In the first case it is contended by counsel for appellant that the present county judge is not bound by the judgment for the reason that mandamus is a personal remedy, and that the action abates upon the expiration of the term of office of the incumbent. Counsel cite numerous decisions of the Supreme Court of the United States to the effect that mandamus against an executive or ministerial officer to compel performance of an official duty is personal and abates on the expiration of his term. All of the cases cited decide as contended. For instance, in the recent case of Gorham Mfg. Co. v. Wendell,261 U.S. 1, the court said: "A suit to enjoin a public officer from enforcing a statute or to compel him to act by mandamus is personal, and, in the absence of statutory provision for continuing it against his successor, abates upon his death or retirement from office."

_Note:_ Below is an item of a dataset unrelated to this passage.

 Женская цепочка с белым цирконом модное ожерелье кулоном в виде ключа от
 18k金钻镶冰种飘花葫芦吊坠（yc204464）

But counsel seem to overlook the important distinction recognized in nearly all of the cases cited, as well as many others, that where the relief is sought against a *Page 368 corporation or municipality or other continuing official board, the action does not abate upon a change in the personnel of the office or offices, but continues, and the successors in office are bound by the judgment. In 18 Rawle C. L. p. 338, the doctrine, supported with practical unanimity of authority, is stated as follows:
"Irrespective of the question whether a mandamus against a public official abates on his death, removal, or retirement from office, the courts very generally agree in distinguishing between applications for a mandamus against the head of a department or bureau for a personal delinquency, and those against a continuing municipal board with a continuing duty, where the delinquency is that of the board in its corporate capacity, the rule being that, if the action is brought against a continuing municipal board, it does not abate by a change of personnel. Thus, in the case of an application against a board of county commissioners and its individual members to compel them to levy a tax to pay a judgment, the action will lie, although the terms of the members have expired, as in such cases the corporation cannot die or retire from the office it holds. A change in the personnel of the loan commission of a State or Territory created for the express purpose of liquidating and providing for the payment of its outstanding indebtedness does not, it has been held, abate a proceeding against the members of such commission, in their official capacity, to compel by mandamus the issue of refunding bonds, where such board was, by the facts creating it, made a continuing body with corporate succession, although it was not made a corporation by name."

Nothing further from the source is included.